Further complicating matters are the remains of scaffolding erected six months before the disaster for a restoration project. Removing the scaffolding is expected to take four months of painstaking work, ensuring that falling pieces won’t further damage the building or injure workers. Only after is it removed can construction begin.
And although there was an international outpouring of €922 million (more than $1 billion) in promised donations in the immediate aftermath of the fire, much of that money has yet to materialize. Whether it will in the current worldwide economic climate is an open question.
The delay in work is also preventing investigators from definitively identifying the cause of the fire, reports Le Journal des Arts.
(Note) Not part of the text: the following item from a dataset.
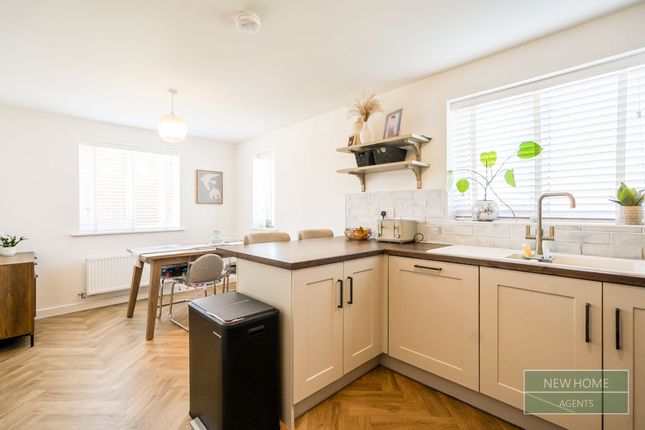 19, Coot Way, Nottingham photo 5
Experts still haven’t been able to gain access to the area where the blaze is believed to have begin, and that area will not be accessible until the scaffolding comes down.
After a two-month investigation that included the testimony of 100 witnesses, the Paris public prosecutor’s office announced in June that the leading theory was that the sparks that ignited the fire must have come from either an electrical short circuit or an improperly extinguished cigarette.
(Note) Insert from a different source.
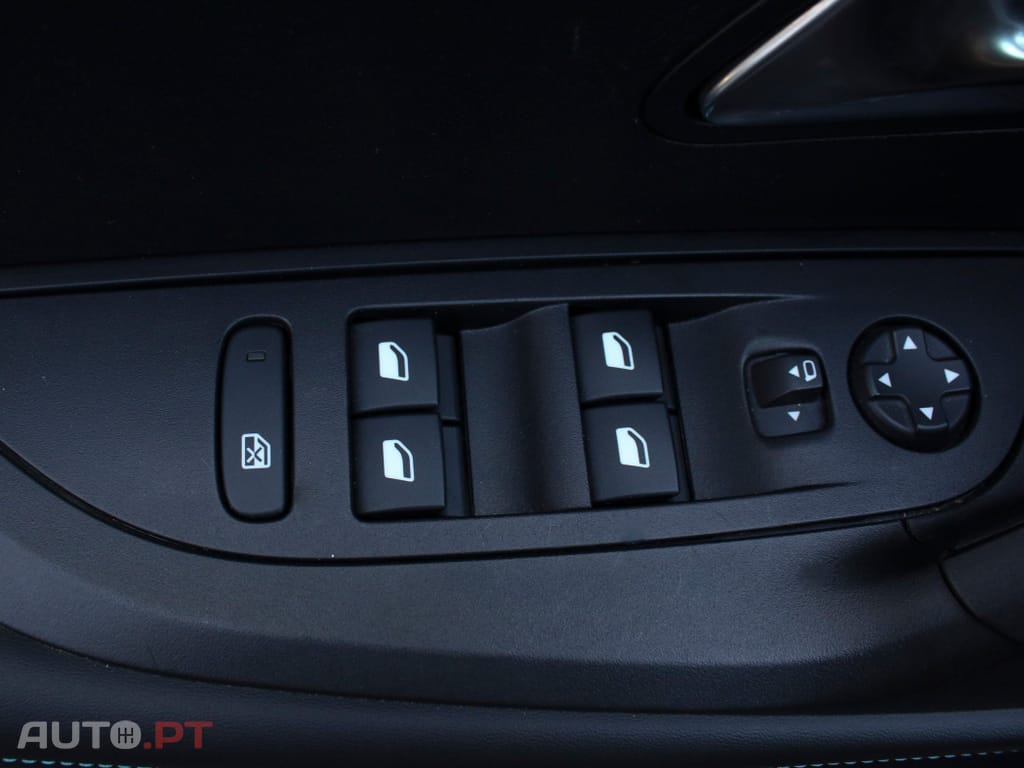 Peugeot 2008 1.2 PureTech Allure EAT8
But despite the long road ahead, there is reason for optimism.
“What matters isn’t the roof and vault so much as the sanctuary they protect. The heart of Notre Dame had been saved,” Aline Magnien, director of the Historical Monuments Research Laboratory, which is in charge of national monument conservation, told the magazine Science.
Another sign of hope came during Holy Week, when a group gathered at the cathedral to say mass for only the second time since the fire.